WORK REQUEST: Each record is to be printed again exactly, though not its pictures.

DATASET CONTENT:
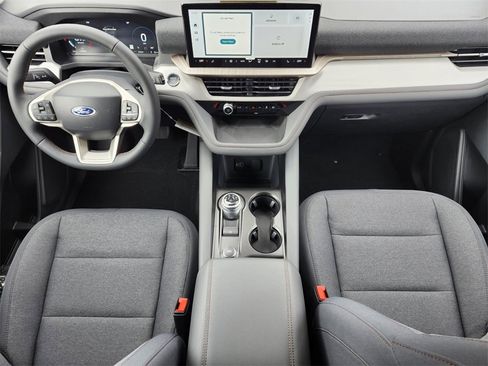 New 2026 Ford Explorer Active image 12
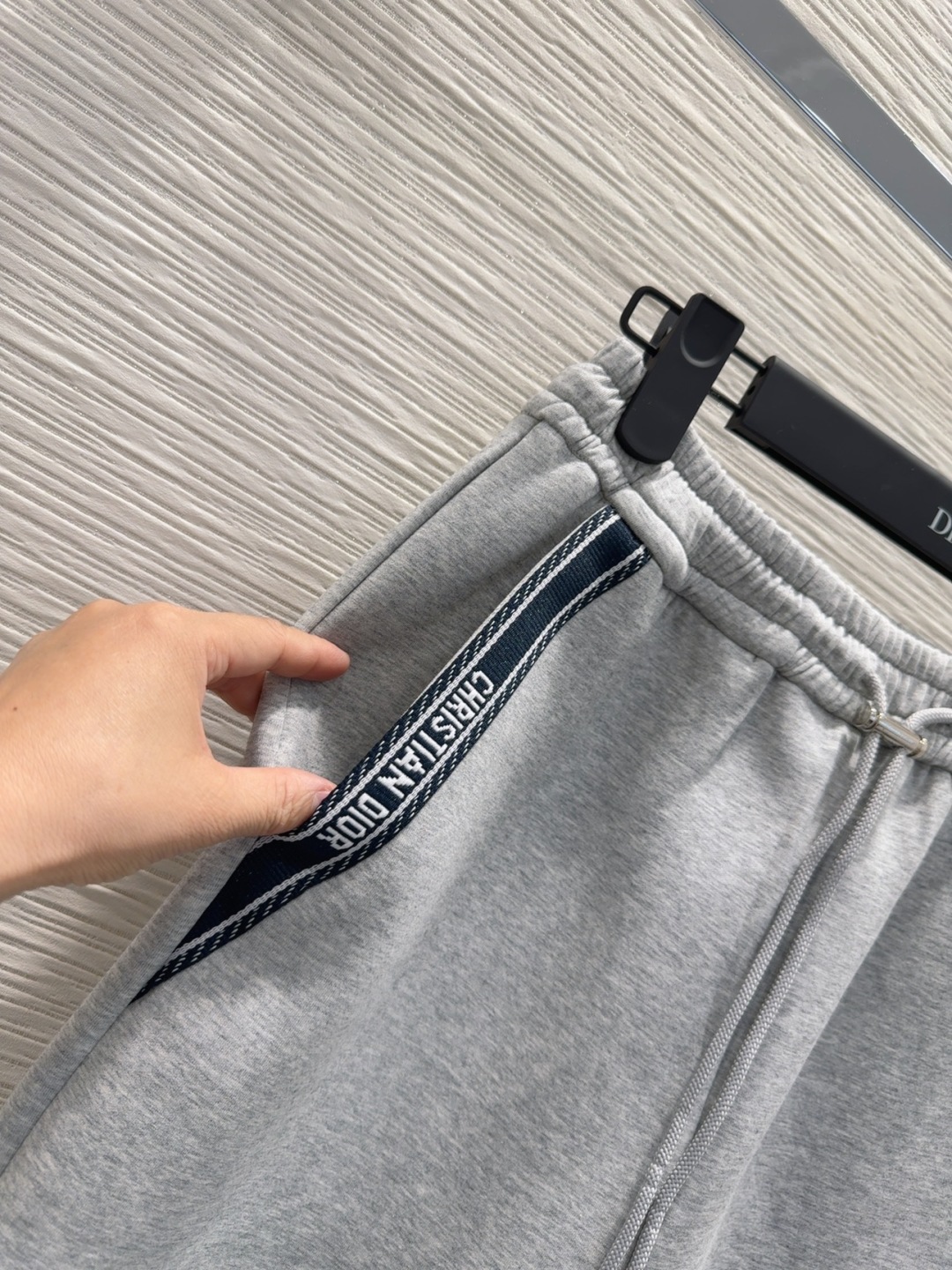 Dior 2025FW Women's Gray Tracksuit, Elegant and Fashionable, Wardrobe Essential 7 cmp i1756637972381 3632 0 3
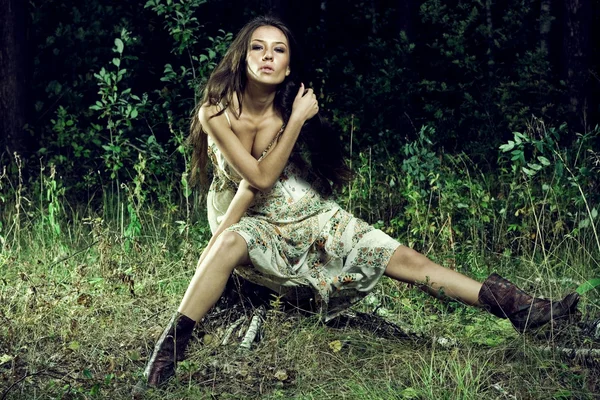 Menina bonita em um prado da floresta — Fotografia de Stock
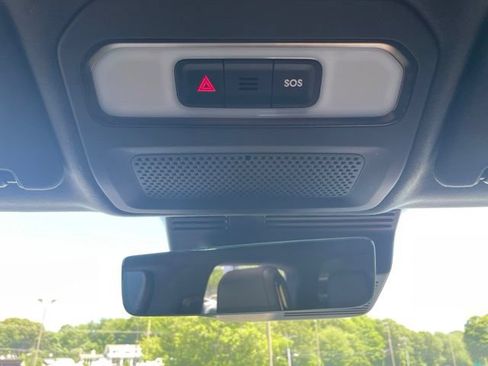 Used 2025 Rivian R1T Premium AWD/4WD image 23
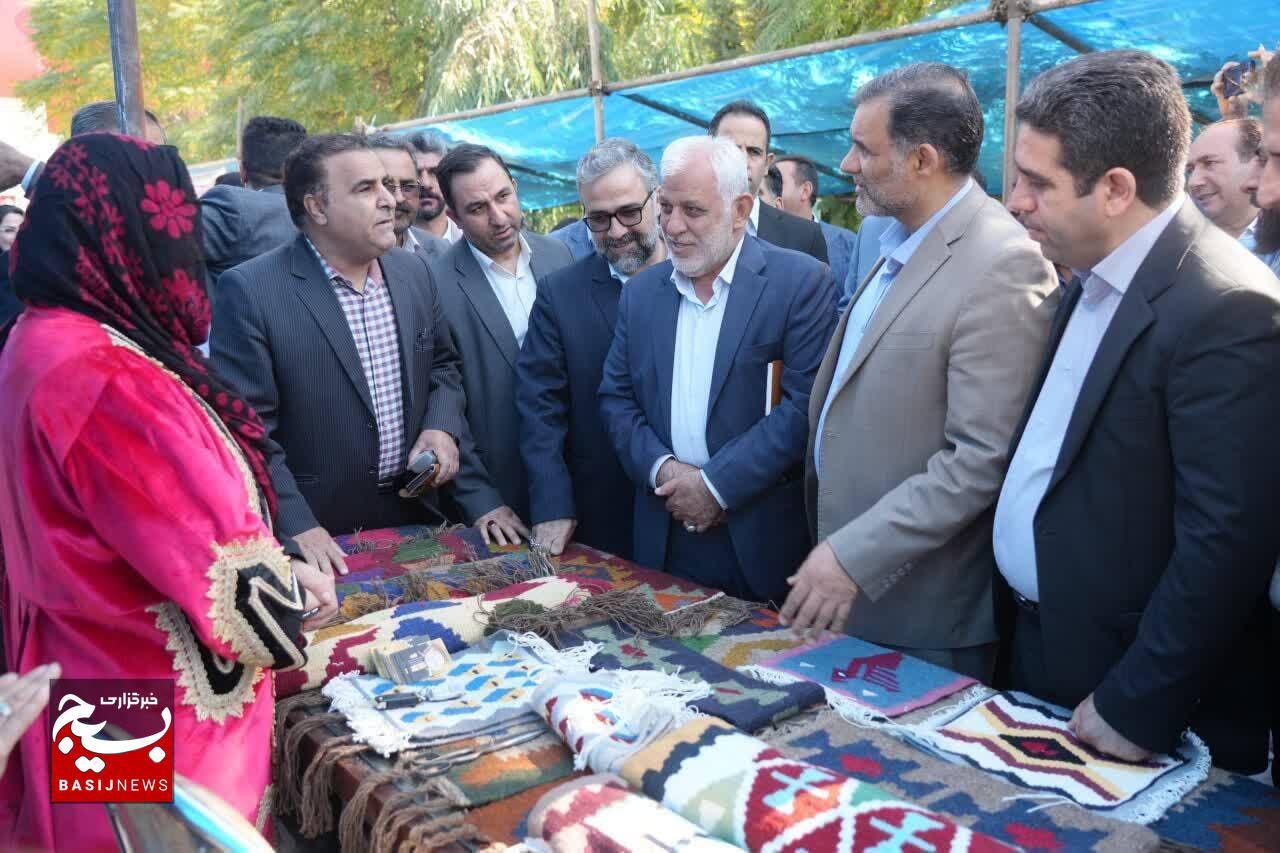 همایش روز ملی روستا و عشایر در لرستان به روایت تصویر همایش روز ملی روستا و عشایر در لرستان به روایت تصویر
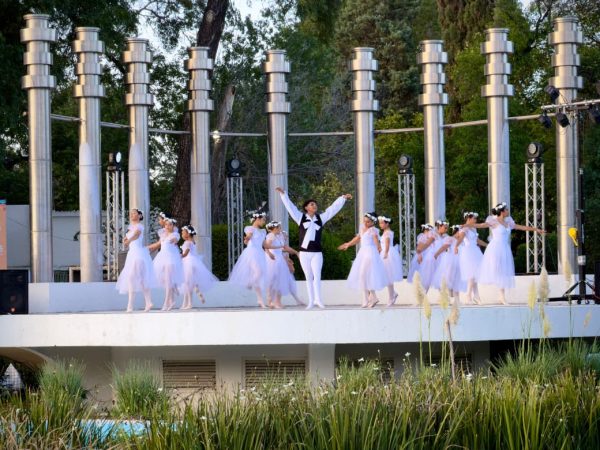 Disfrutan saltillenses la danza, el baile y la música en el FINA Saltillo 2026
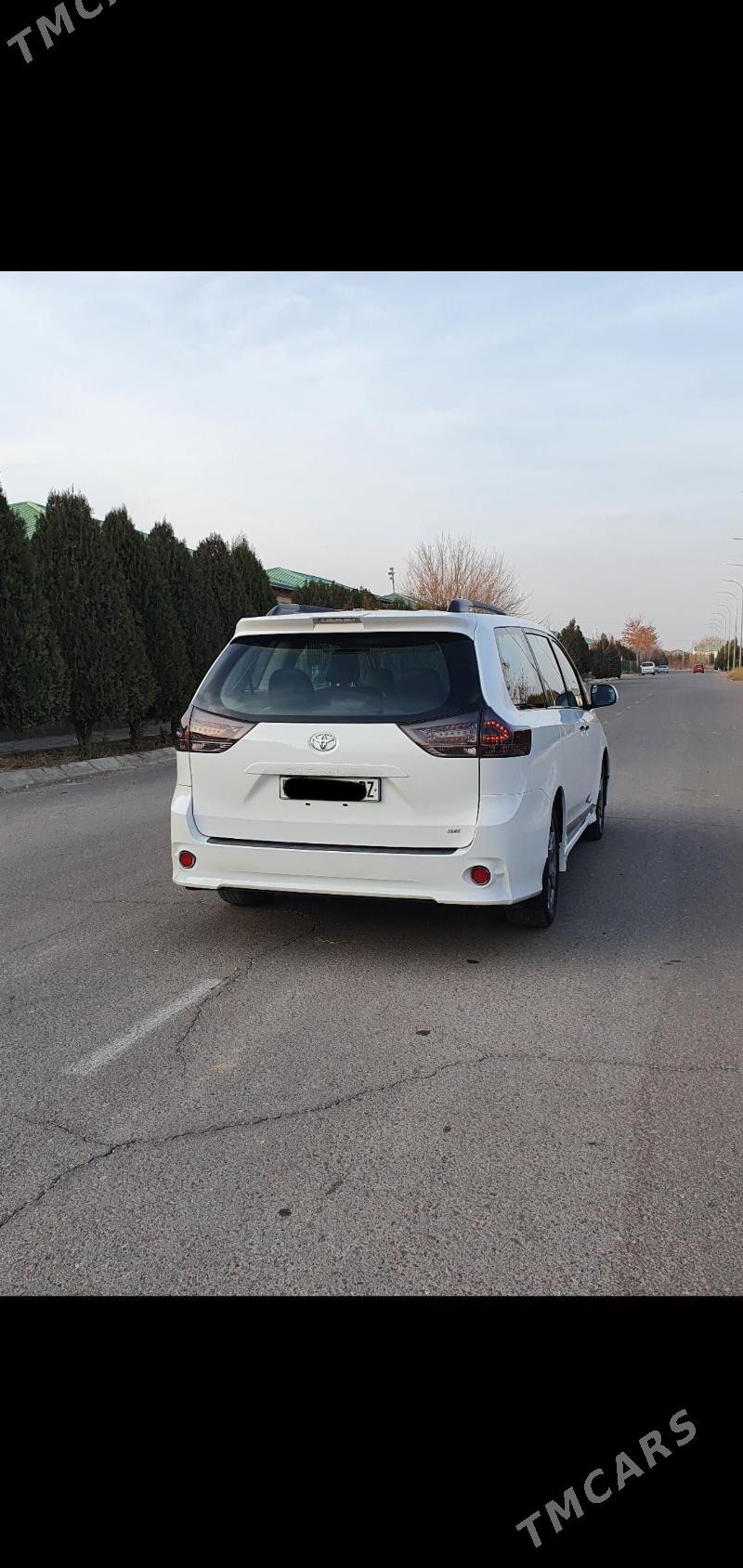 Toyota Sienna 2020 - 400 000 TMT - Дашогуз - img 3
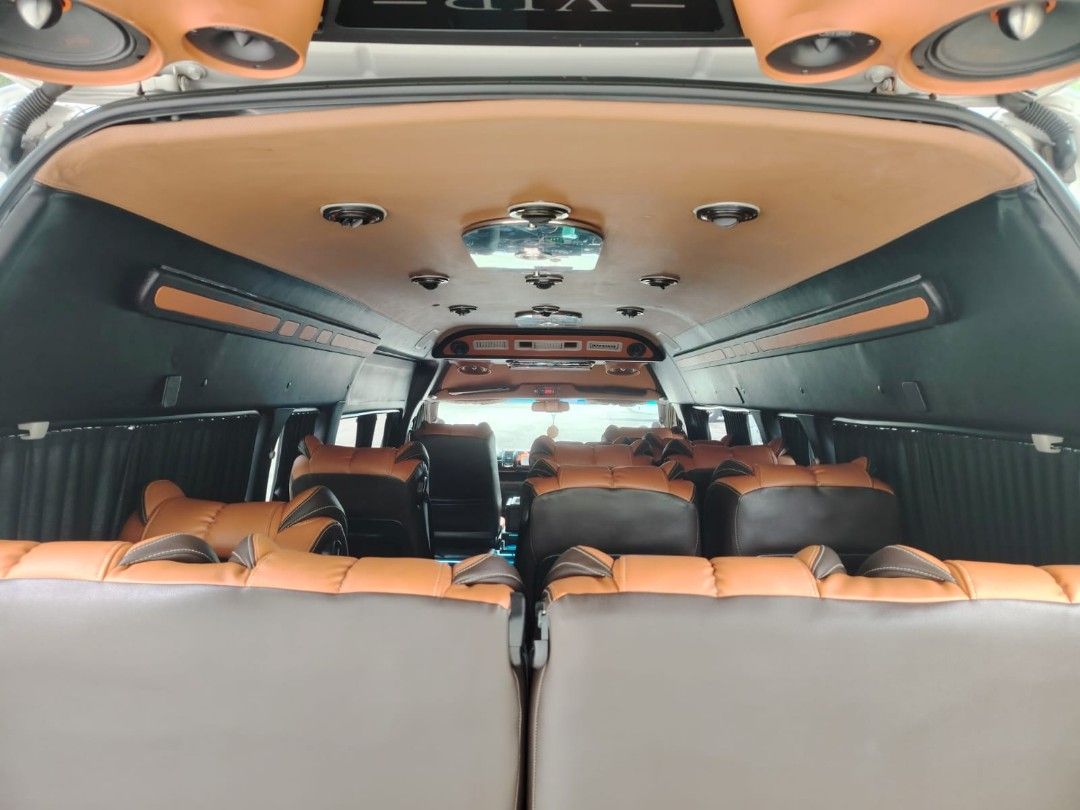 Hiace HighRoof Combi Rent62885347480963112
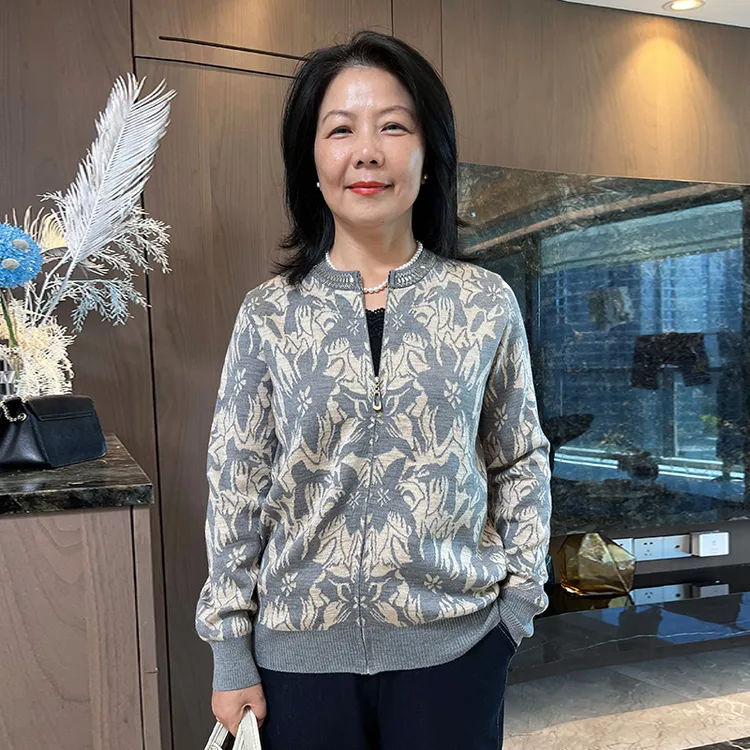 春秋新款长袖运动休闲印花潮流针织妈妈开衫宽松显瘦不挑人2540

EXERCISE OUTPUT:
 New 2026 Ford Explorer Active image 12
 Dior 2025FW Women's Gray Tracksuit, Elegant and Fashionable, Wardrobe Essential 7 cmp i1756637972381 3632 0 3
 Menina bonita em um prado da floresta — Fotografia de Stock
 Used 2025 Rivian R1T Premium AWD/4WD image 23
 همایش روز ملی روستا و عشایر در لرستان به روایت تصویر همایش روز ملی روستا و عشایر در لرستان به روایت تصویر
 Disfrutan saltillenses la danza, el baile y la música en el FINA Saltillo 2026
 Toyota Sienna 2020 - 400 000 TMT - Дашогуз - img 3
 Hiace HighRoof Combi Rent62885347480963112
 春秋新款长袖运动休闲印花潮流针织妈妈开衫宽松显瘦不挑人2540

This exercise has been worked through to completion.